Non-Solicitation; Non-Competition. (a) Executive agrees that, during the Term and, if Executive is receiving severance payments pursuant to Section 7(a), until twelve (12) months after the termination of his employment, Executive will not, directly or indirectly, including on behalf of any person, firm or other entity, employ or solicit for employment any employee of the Company or any of its Affiliated Entities, or anyone who was an employee of the Company or any of its Affiliated Entities within the twelve (12) months prior to the termination of Executive’s employment, or induce any such employee to terminate his or her employment with the Company or any of its Affiliated Entities.
(b) Executive further agrees that, during the Term and, if Executive is receiving severance payments pursuant to Section 7(a), until twelve (12) months after the termination of his employment, Executive will not, directly or indirectly, including on behalf of any person, firm or other entity, without the express written consent of an authorized representative of the Company, (i) perform services within the Territory (as defined below) for any Competing Business (as defined below), whether as an employee, consultant, agent, contractor or in any other capacity, (ii) hold office as an officer or director or like position in any Competing Business, (iii) request any present or future customers or suppliers of the Company or any of its Affiliated Entities to curtail or cancel their business with the Company or any of its Affiliated Entities, and (iv) accept business from such customers or suppliers of the Company or any of its Affiliated Entities.
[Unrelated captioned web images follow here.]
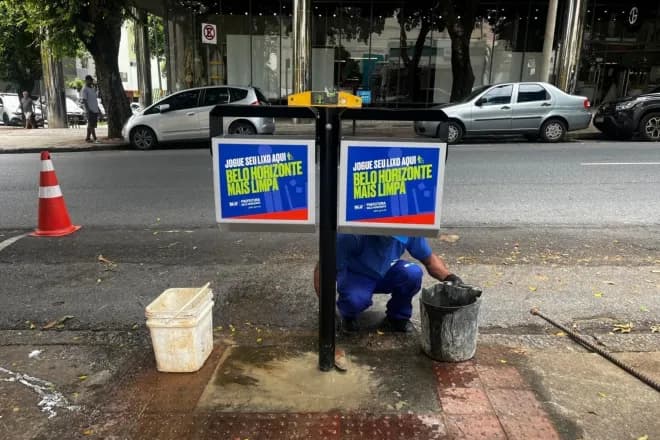 Jogar lixo na rua pode custar caro: moradores de BH aprovam multa de até 10 salários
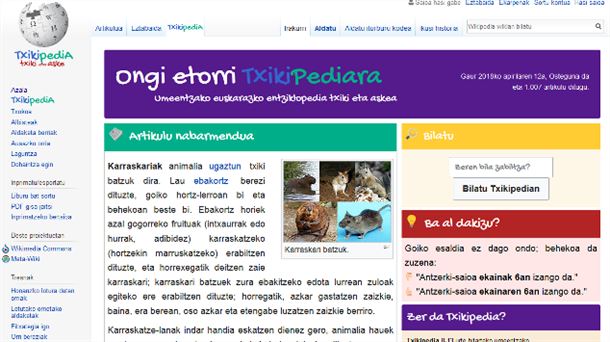 Txikipedia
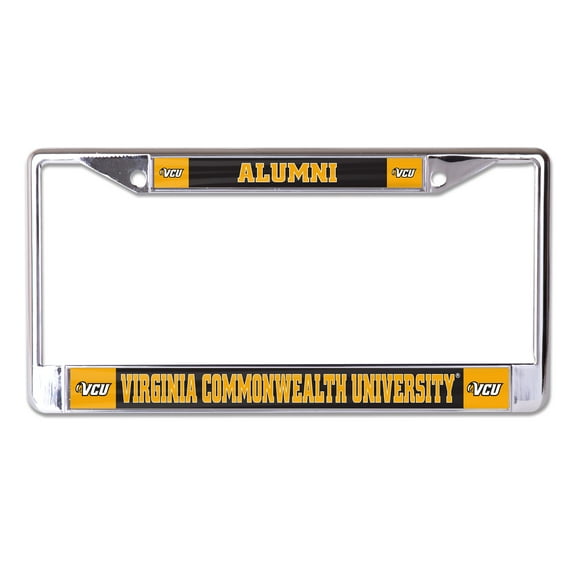 Virginia Commonwealth University (VCU) Alumni Metal License Plate Frame
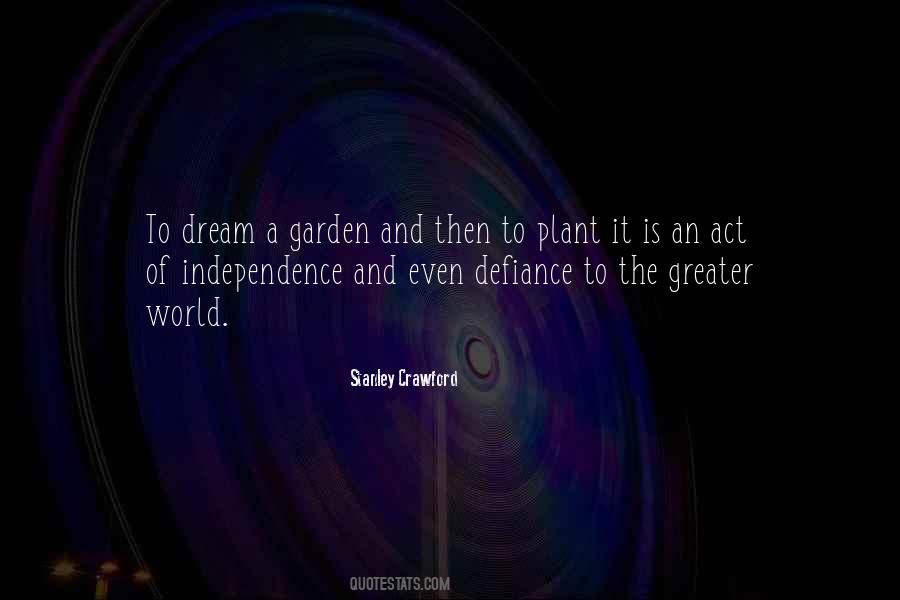 Garden Gardening Quotes #264563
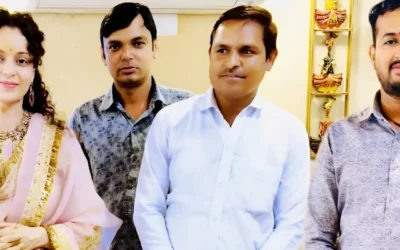 Celebrity Dal Baati Restaurant in Mangalwad – Why Sharma Bhojnalaya Is Gaining Star-Level Popularity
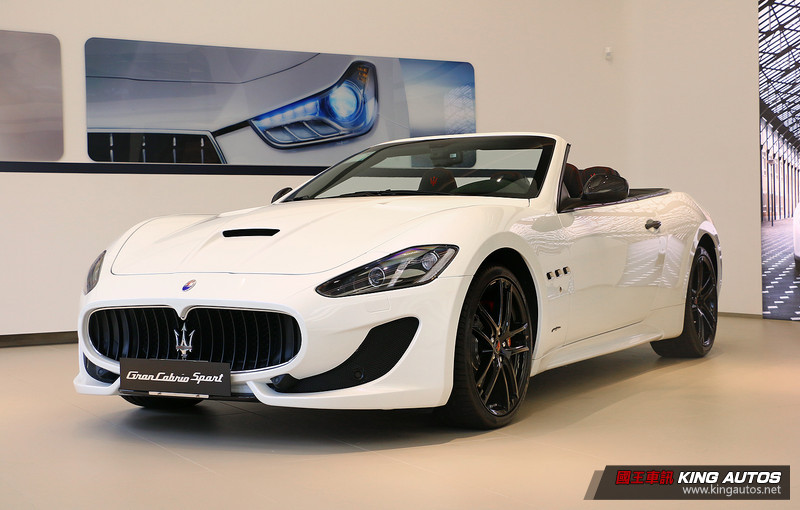 為追隨榮耀而生 全球限量《Maserati GranCabrio Sport Sessanta Edition》現場直擊 為追隨榮耀而生 全球限量《Maserati GranCabrio Sport Sessanta Edition》現場直擊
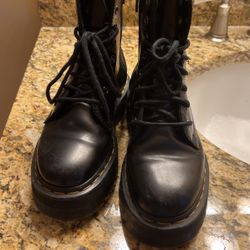 Selling  Dr. Martens Jadon Woman’s Platform Boots 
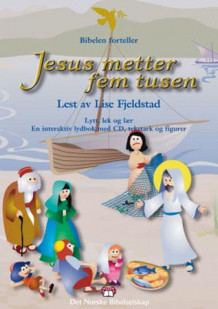 Jesus metter fem tusen (Lydbok-CD)
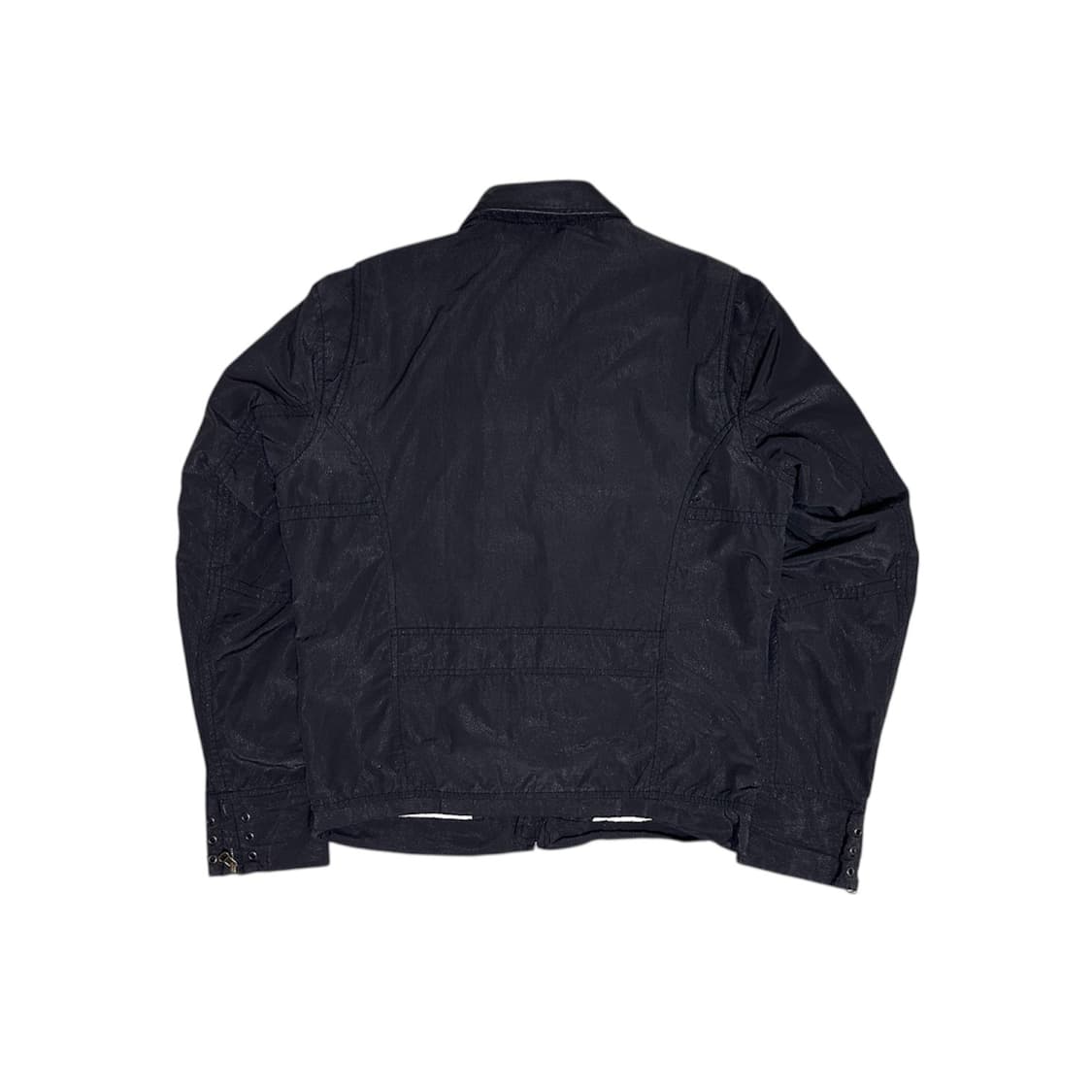 디젤 나일론 메탈리카 봄버 자켓 블랙 상품이미지2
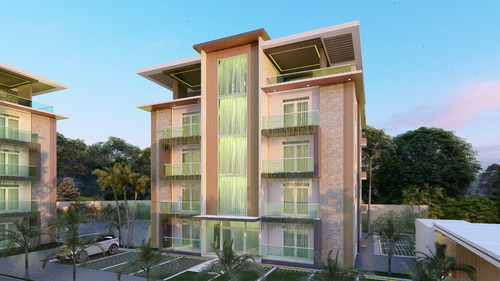 Imagen 3 de 19 de Apartamentos En Plano En Puerto Plata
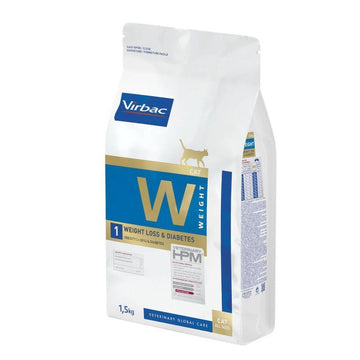 Virbac Weight Loss&Diabetes Cat Dry Food 1.5kg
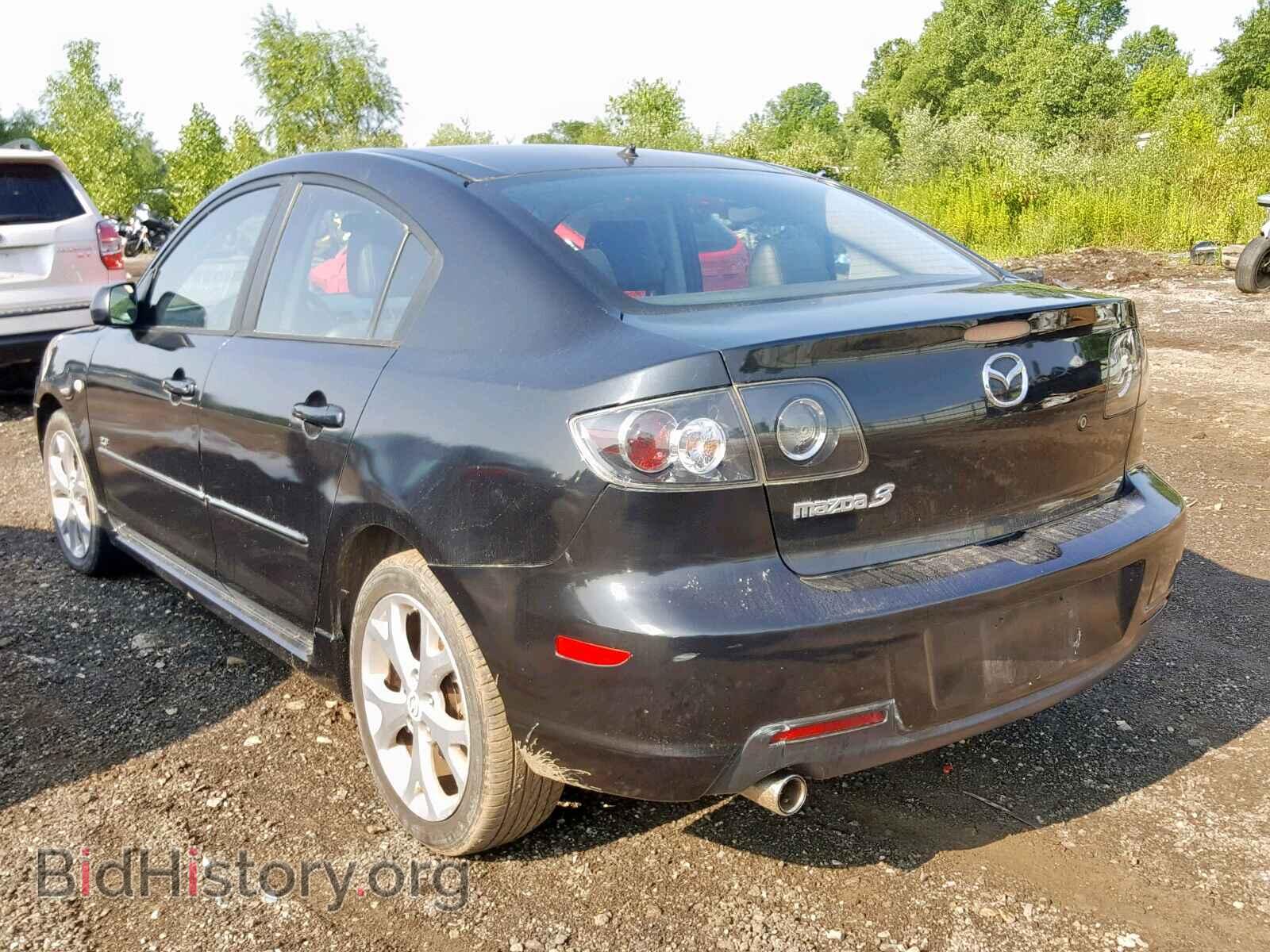 2007 MAZDA 3 S - VIN: JM1BK324471662236 - Фото 3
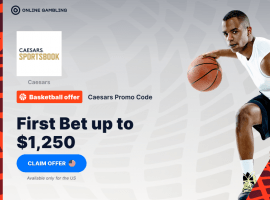 Best Caesars Promo Code for tonights NBA: Claim $1,250 in bet credits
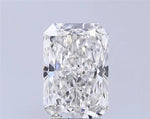 3.08ct Radiant Lab Grown Diamond (Colour G, Clarity VVS2, IGI Certified)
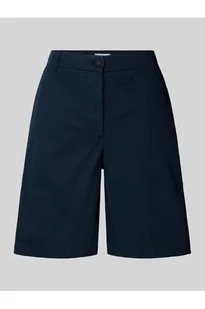 Szorty chinosy o kroju relaxed fit z mieszanki bawełny - Tommy Hilfiger - Spodnie sportowe damskie - miniaturka - grafika 1
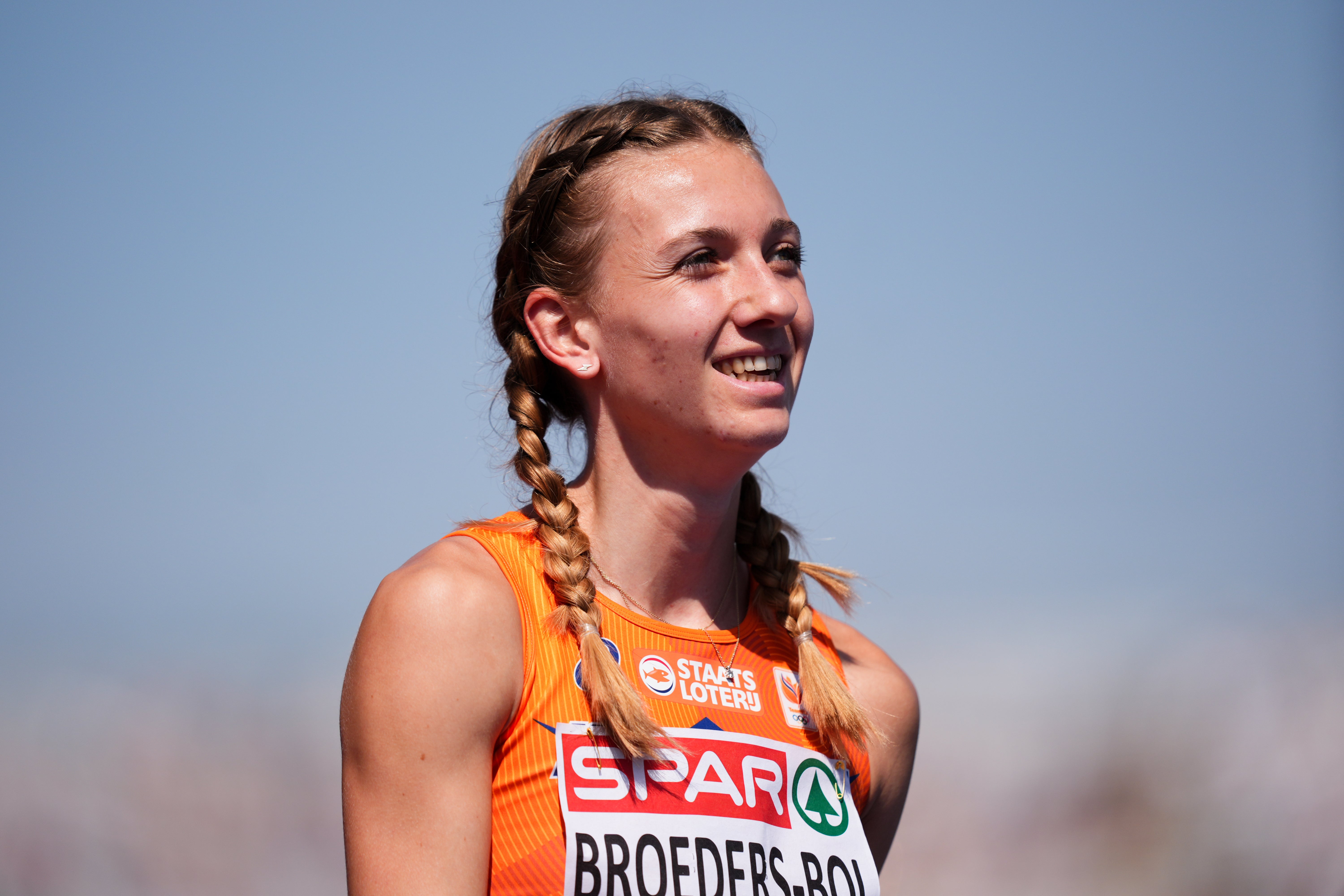 Femke Broeders-Bol is an event newcomer in the cohort of quality 800m runners (Mike Egerton/PA) (PA Wire)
These obligations will continue for the specified period regardless of whether the termination of Executive’s employment was voluntary or involuntary or with or without Cause.
Non-Solicitation; Non-Competition. During your employment and for a period of twenty-four (24) months (the “No-Raid Period”) following your termination for any reason you will not directly or indirectly solicit, induce or attempt to influence any associate to leave the employment of the Company, nor will you hire any such associate or assist any other person or entity in doing so (each such activity, a “Raiding Activity”). During your employment and for a period of twelve (12) months following your termination for any reason, you will not, directly or indirectly, work for or contribute to the efforts of any business organization that competes, or plans to compete, with the Company or its products, nor will you call on or otherwise attempt (or assist the attempt) to solicit the business of any customer or client of the Company with whom you had direct contact or supervisory authority (each such activity, a “Competitive Activity”) in the 12-month period immediately preceding your separation (the “Non-Competition Period”). You specifically acknowledge the reasonableness of these postemployment restrictions, and along with the Company, authorize any court of competent jurisdiction to reform these restrictions to the minimum extent necessary, in the event such court finds any of these restrictions to be unreasonable.
Non-Solicitation; Non-Competition. For a period of one (1) year following Termination Upon Change-in-Control: (i) the Executive will not solicit the services or business of any employee or consultant of the Company to discontinue that person’s or entity’s relationship with or to the Company without the written consent of the Company; and (ii) the Executive will not engage (whether as an employee, director, or independent contractor) in a business in which the Company or any subsidiary of the Company is engaged immediately prior to the Change-in-Control.